The latest example comes from National Review’s Rich Lowry, who lumps me together with Bill Clinton in a single moral bucket.
That analogy gets the stakes exactly backward.
Lowry’s free trade antipathy to the Trump tariff agenda I have championed in the White House is no secret. Fair enough. Policy disputes are part of democratic life.
What is harder to accept is Lowry’s tariff animus spilling into applause for my imprisonment—and then repackaged as precedent for future subpoena fights involving former presidents.
In urging Clinton to “simply comply” with a congressional subpoena in the Epstein inquiry, Lowry argued that any former restraint against using criminal contempt in politically charged investigations has already been abandoned because Steve Bannon and I went to prison.
The symmetry is rhetorically convenient. It is also legally wrong.
Clinton was subpoenaed as a private citizen regarding private conduct. However controversial the subject matter, a deposition about Jeffrey Epstein does not implicate confidential presidential deliberations or core Article II communications.
If Clinton has Fifth Amendment concerns, he may assert them question by question. But there is no meaningful executive-privilege issue at stake.
In my case, the January 6 Committee subpoena demanded testimony and documents concerning my work as a senior White House adviser, including communications and deliberations involving the president. That is precisely where Congress’s investigative power collides with the constitutional need for presidential independence and confidentiality.
For decades, the Supreme Court has recognized that executive privilege is rooted in the separation of powers. In United States v. Nixon, the Court acknowledged “the valid need for protection of communications between high government officials and those who advise and assist them in the performance of their manifold duties” and emphasized the president’s need for “complete candor and objectivity from advisers.” The privilege exists to protect the “confidentiality of high-level communications” essential to effective presidential decision-making.
That protection is not ornamental. It is structural.
For roughly five decades, Justice Department guidance has recognized the testimonial immunity of senior presidential advisers and cautioned against criminal contempt prosecutions in unresolved executive-privilege disputes. The purpose is not to elevate advisers above the law. It is to prevent Congress from converting the president’s immediate staff into compulsory witnesses against the presidency itself.
Lowry sidesteps that constitutional collision by reducing it to what might be called a “magic words” problem—the notion that executive privilege must be invoked with perfect procedural formality at precisely the right moment, or else the constitutional issue evaporates. But the dispute over how privilege is invoked—especially when a former president asserts it and an incumbent administration refuses to honor it—is itself a separation-of-powers controversy. Turning that unresolved conflict into a criminal prosecution transforms constitutional safeguards into procedural tripwires.
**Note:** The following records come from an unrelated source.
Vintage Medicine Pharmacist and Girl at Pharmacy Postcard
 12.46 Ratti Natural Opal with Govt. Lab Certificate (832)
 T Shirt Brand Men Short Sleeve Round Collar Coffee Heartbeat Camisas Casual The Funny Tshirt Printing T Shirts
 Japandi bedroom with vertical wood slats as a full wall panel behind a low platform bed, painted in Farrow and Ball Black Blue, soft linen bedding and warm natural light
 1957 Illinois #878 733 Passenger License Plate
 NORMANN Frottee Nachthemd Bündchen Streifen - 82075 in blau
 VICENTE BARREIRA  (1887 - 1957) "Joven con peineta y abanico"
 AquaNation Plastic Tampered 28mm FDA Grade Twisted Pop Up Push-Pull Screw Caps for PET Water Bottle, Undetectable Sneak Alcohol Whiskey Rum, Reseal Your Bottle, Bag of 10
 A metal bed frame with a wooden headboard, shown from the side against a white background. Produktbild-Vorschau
Conservatives should be wary of that approach. Once executive confidentiality depends on technical invocation rituals rather than constitutional substance, Congress and the Justice Department are handed a roadmap for piercing high-level deliberations whenever political incentives align.
Today, a Republican adviser; tomorrow, a Democratic one.
My case remains on appeal, even though I have already served my sentence. I have no personal incentive to pursue it. I continue the appeal to resolve constitutional questions of first impression that extend far beyond my own circumstances.
Do senior White House advisers possess absolute testimonial immunity when executive privilege is implicated, as the Justice Department has maintained for more than half a century? Is executive privilege presumptive in such disputes, or must it be invoked with particular formalities to carry constitutional force?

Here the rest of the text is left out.